Information shown.
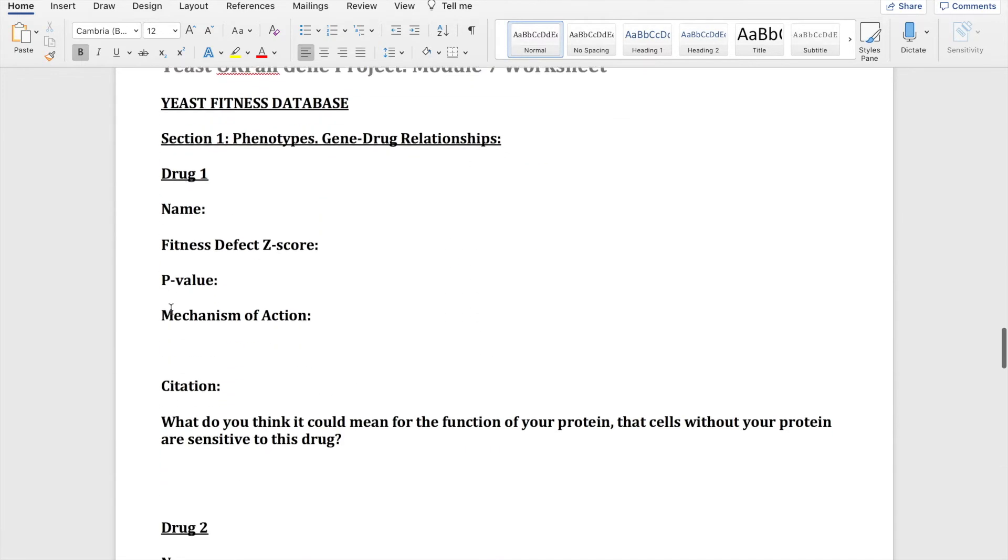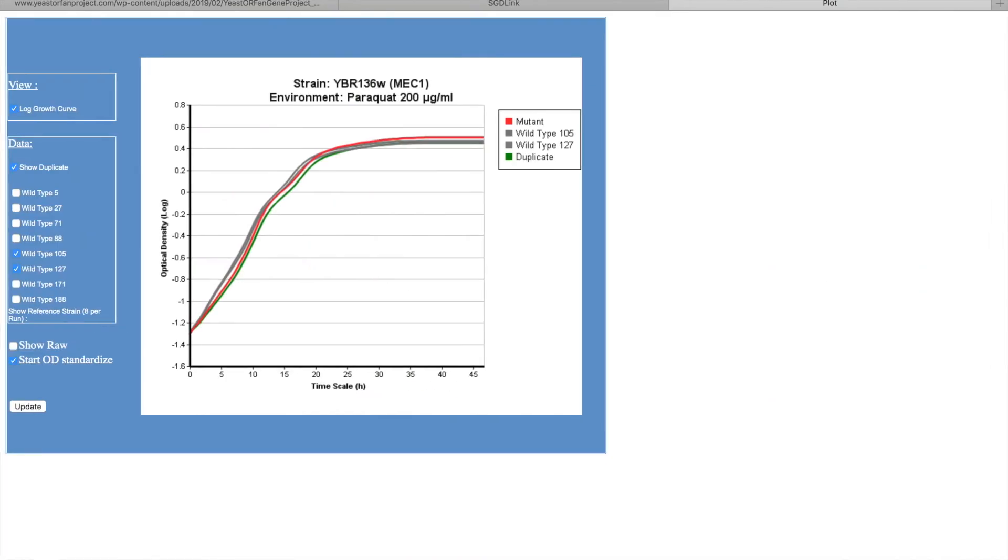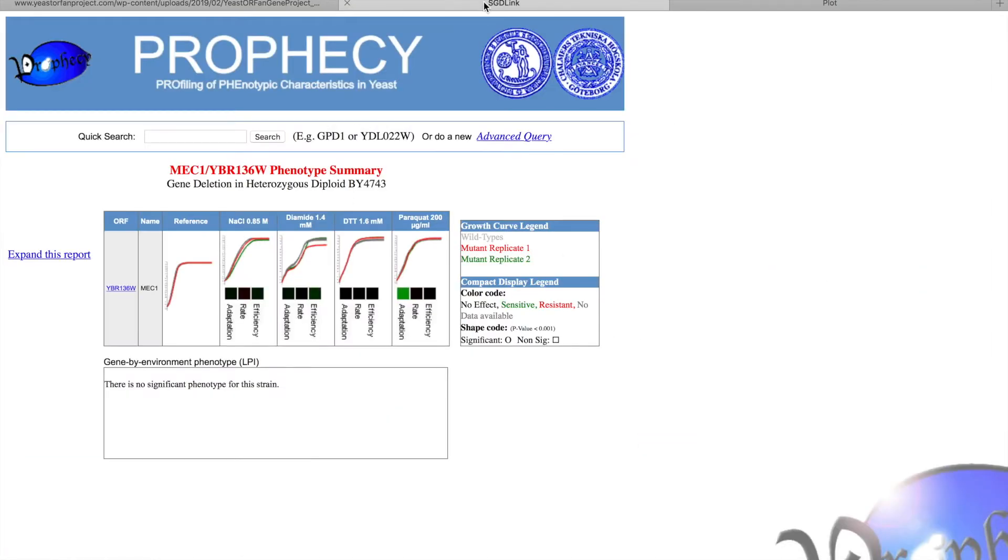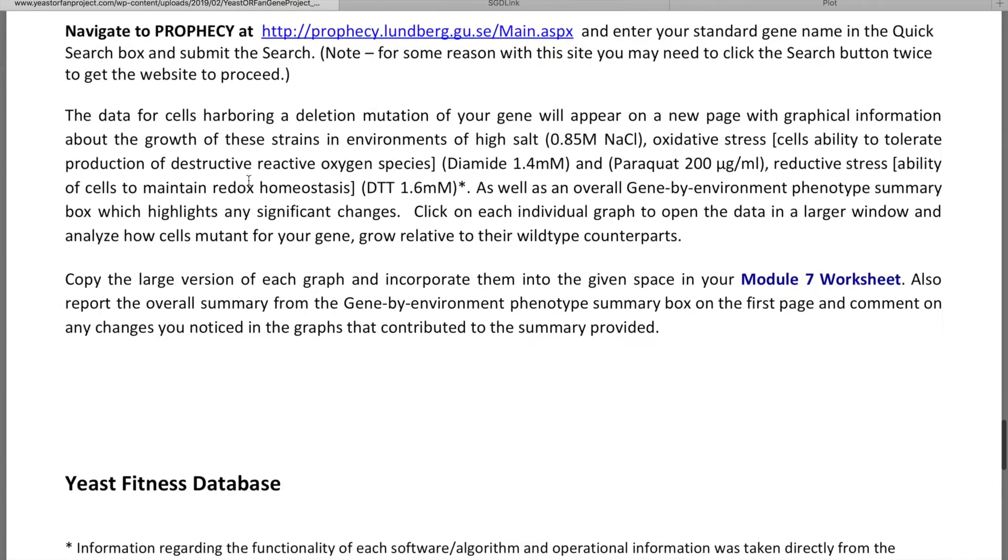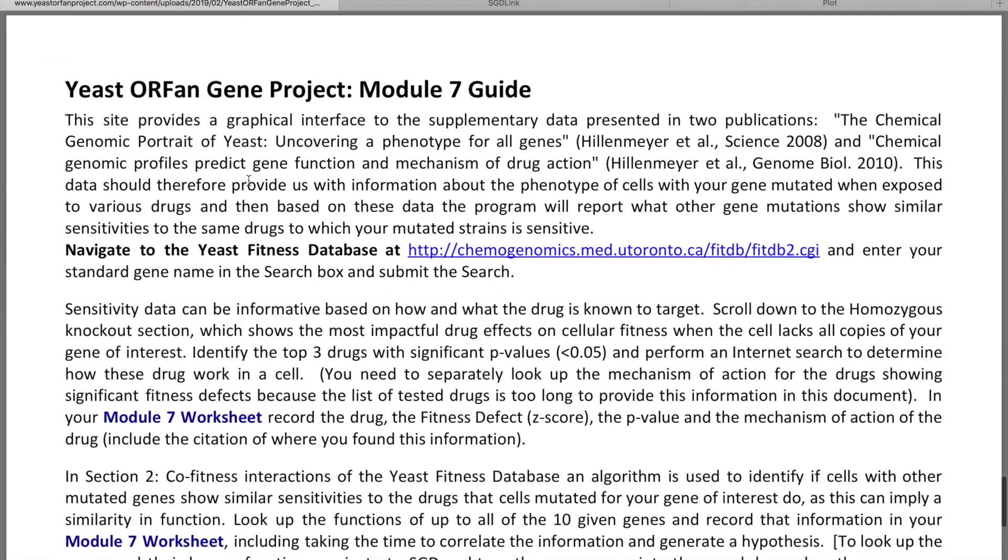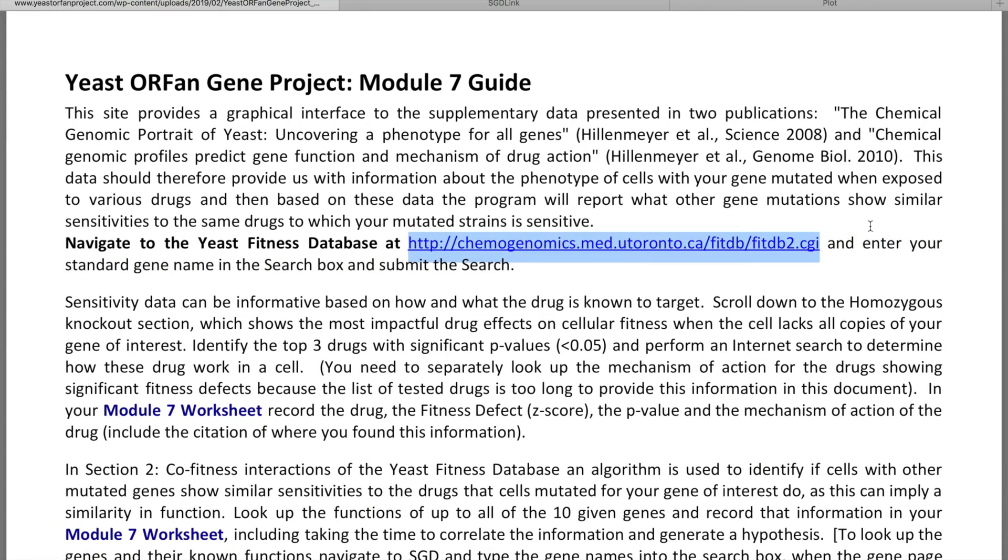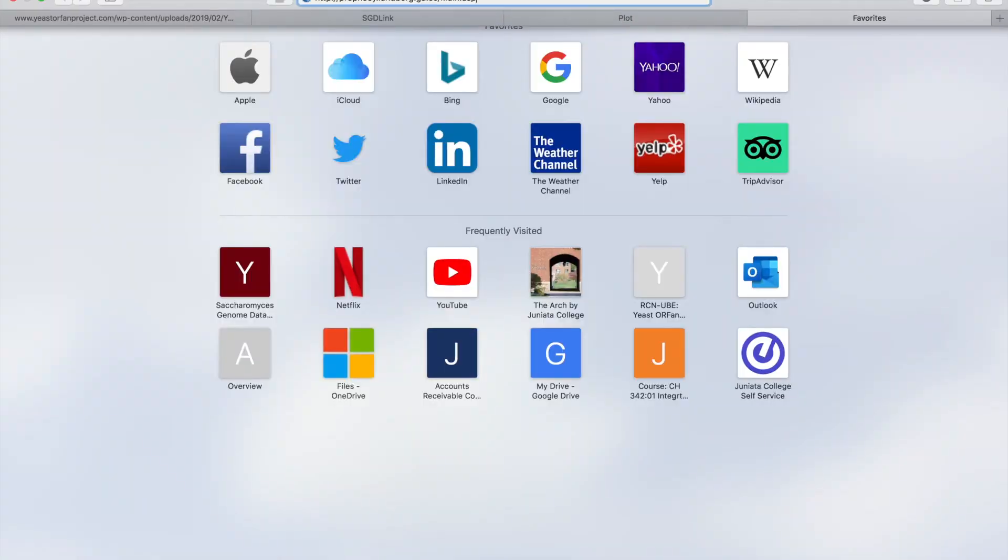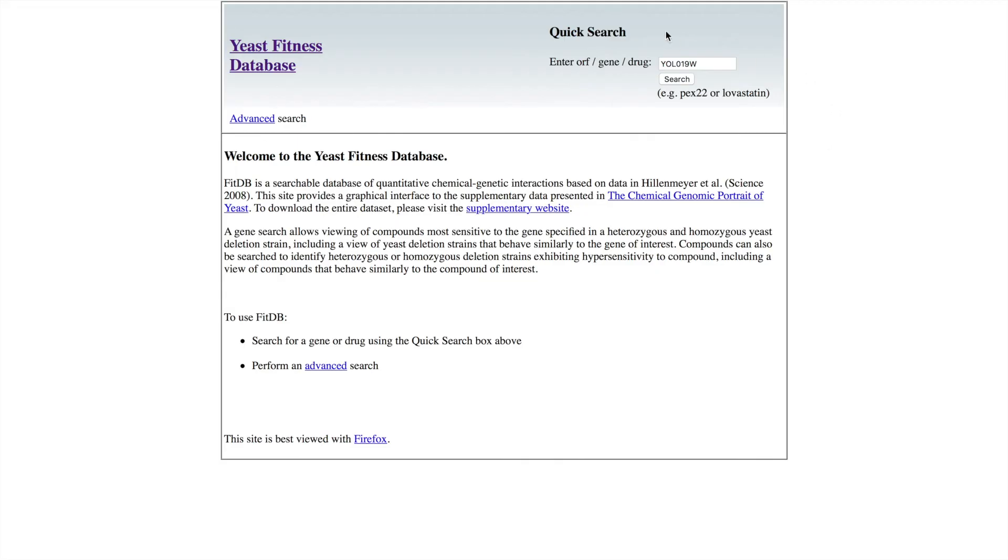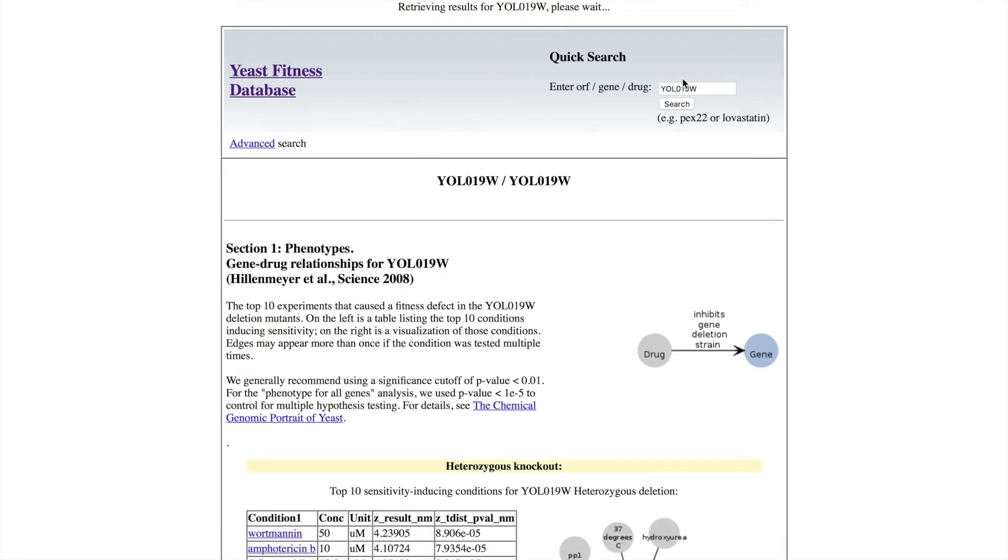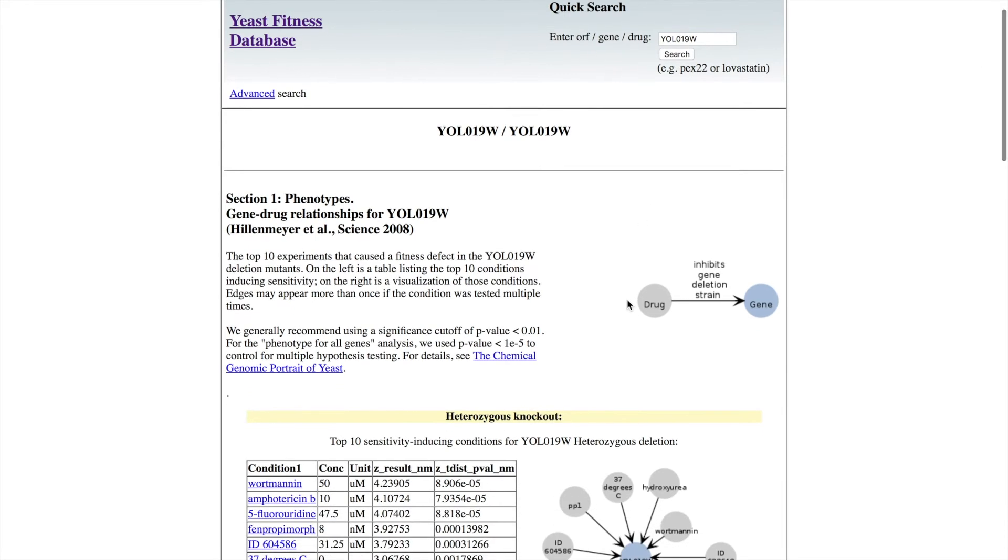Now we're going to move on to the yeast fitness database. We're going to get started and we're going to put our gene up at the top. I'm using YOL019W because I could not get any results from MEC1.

---

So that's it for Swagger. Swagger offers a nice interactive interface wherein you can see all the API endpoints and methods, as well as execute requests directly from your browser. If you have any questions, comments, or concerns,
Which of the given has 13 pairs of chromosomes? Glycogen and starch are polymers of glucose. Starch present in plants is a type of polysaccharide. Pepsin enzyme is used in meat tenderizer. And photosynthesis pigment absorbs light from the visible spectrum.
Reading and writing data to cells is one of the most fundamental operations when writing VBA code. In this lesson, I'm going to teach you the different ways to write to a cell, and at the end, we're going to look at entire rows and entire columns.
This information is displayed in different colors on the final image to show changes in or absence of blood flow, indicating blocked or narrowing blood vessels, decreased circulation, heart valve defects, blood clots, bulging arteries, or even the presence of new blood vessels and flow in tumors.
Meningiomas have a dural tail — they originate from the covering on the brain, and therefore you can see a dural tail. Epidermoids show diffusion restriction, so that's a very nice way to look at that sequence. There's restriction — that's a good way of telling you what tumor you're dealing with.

What the task asks.
Your task is to retype the entries verbatim, starting with the line that holds "So that's it" and stopping after the line that holds "Reading and writing".

Task answer.
So that's it for Swagger. Swagger offers a nice interactive interface wherein you can see all the API endpoints and methods, as well as execute requests directly from your browser. If you have any questions, comments, or concerns,
Which of the given has 13 pairs of chromosomes? Glycogen and starch are polymers of glucose. Starch present in plants is a type of polysaccharide. Pepsin enzyme is used in meat tenderizer. And photosynthesis pigment absorbs light from the visible spectrum.
Reading and writing data to cells is one of the most fundamental operations when writing VBA code. In this lesson, I'm going to teach you the different ways to write to a cell, and at the end, we're going to look at entire rows and entire columns.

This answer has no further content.